A prompt is a question or information spoken by a speech application. Typically, a prompt is a question, such as "To what extension do you want to transfer?" It can also be a greeting, such as "Hello, this is the ABC Corporation customer service line" or provide multi-choice direction, such as "Sales, press one or say sales; Marketing, press two or say marketing; Technical Support, press three or say technical support."
In an MS Speech Server-based speech-enabling application, prompts are the only interface in which a voice-only application (speech-enabled IVR) interacts with the user. The multimodal applications do not have prompts. Prompts serve a number of functions in an application. Prompt functions can contain JScript code that allows an application to generate dynamic prompts at run time. Use the Prompt Function Editor to create and edit prompt functions.

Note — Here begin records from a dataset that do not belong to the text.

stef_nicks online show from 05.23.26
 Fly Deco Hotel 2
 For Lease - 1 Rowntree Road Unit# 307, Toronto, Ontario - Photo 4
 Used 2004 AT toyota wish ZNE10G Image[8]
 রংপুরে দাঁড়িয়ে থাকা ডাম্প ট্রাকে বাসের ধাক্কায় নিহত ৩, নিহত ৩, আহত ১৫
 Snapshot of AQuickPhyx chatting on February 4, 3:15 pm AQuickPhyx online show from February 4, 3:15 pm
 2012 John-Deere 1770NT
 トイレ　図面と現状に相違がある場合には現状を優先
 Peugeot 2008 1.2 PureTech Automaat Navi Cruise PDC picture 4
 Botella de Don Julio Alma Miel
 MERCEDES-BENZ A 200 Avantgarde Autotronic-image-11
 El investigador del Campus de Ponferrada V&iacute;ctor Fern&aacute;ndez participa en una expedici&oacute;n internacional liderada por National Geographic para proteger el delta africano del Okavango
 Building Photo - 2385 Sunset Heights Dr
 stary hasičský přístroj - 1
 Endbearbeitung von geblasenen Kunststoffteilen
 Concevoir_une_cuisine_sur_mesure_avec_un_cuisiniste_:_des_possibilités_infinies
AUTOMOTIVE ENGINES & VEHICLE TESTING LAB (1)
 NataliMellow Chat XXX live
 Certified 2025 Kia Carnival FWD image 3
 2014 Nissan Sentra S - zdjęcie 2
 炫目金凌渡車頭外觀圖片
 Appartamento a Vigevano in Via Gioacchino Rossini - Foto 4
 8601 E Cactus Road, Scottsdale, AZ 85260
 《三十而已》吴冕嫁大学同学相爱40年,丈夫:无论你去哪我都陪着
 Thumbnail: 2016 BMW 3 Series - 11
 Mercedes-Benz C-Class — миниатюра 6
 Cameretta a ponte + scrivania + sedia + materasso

The Speech Prompt Editor, included in the Microsoft Speech Application SDK Version 1.0 (SASDK), provides an interface for creating prompts. Use the Speech Prompt Editor to create, edit, maintain, and manage every aspect of a prompt database; each prompt project contains one or more prompt databases. A prompt database contains all the audio and data that define the application's prompts. The prompts database contains recorded prompts (.wav files) and their transcriptions.
The Wave Editor is another useful tool within the MS SASDK; it is used to improve prompt quality. The prompts database stores prompts as .wav files. It displays a graphical view of .wav file data. It allows you to edit the word boundaries within a .wav file, and to cut, copy, and paste wave segments both between and within .wav files.
When used in voice-only applications, the Controls, QA, Command, and Application Speech Controls can include prompts in the property of controls. You can add a prompt to a control in one of the inline prompts and prompt functions.